Ich muss als Semesteraufgabe an der Uni das Spiel Tetris in Java programmieren.
Kann mir Jemand ein gutes Buch empfehlen, in dem das Schritt für Schritt erklärt wird? Es kann ein Buch sein, dass sich direkt auf dieses Spiel bezieht oder auch allgemein, wie man Spiele in Java programmiert. Ach ja, und Internetseiten nehme ich auch gerne entgegen...

Danke schon mal im Voraus, eliF


----------



## torsch2711 (6. Juli 2005)

Hi,

   wie wäre es mal damit die Such option des Boards zu benutzen?

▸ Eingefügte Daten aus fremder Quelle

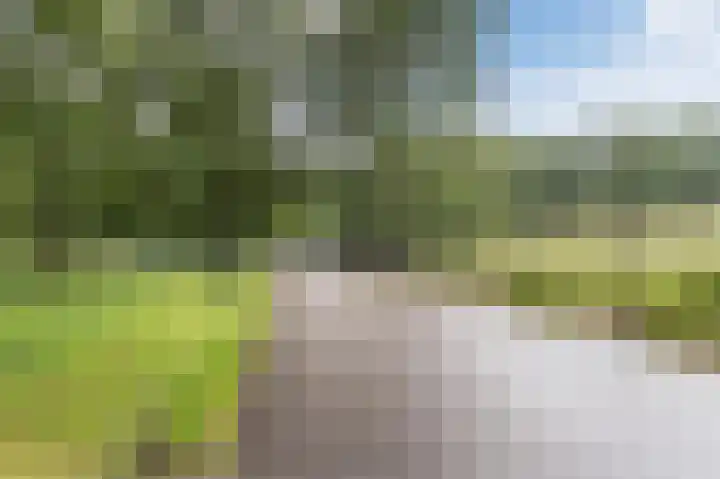 Apeldoornseweg 210 Arnhem thumbnail 62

  Dieses Thema wurde hier schon ein paar mal angefragt.

  Gruss,

  Torsten


----------



## minaynonie (6. Juli 2005)

Hab ich schon. Bin aber nicht wirklich weiter gekommen. Trotzdem danke für den Vorschlag.


----------



## torsch2711 (6. Juli 2005)

Hi,

   dann solltest du auf Thomas Darimonts Posts gestossen sein:

http://www.tutorials.de/tutorials176378.html&highlight=Java+Spiele+Programmierung.

 und

http://www.tutorials.de/tutorials129299.html&highlight=JPong

   Der dürfte weiterhelfen.

  Und hier noch Links die ich per google gefunden habe:

http://fivedots.coe.psu.ac.th/~ad/jg/

http://www.javacooperation.gmxhome.de/TutorialStartDeu.html

http://java.about.com/od/gamegraphicsprogramming/

*http://www.dougsparling.com/comp/links/gameprog/


  Gruss,

  Torsten
*


----------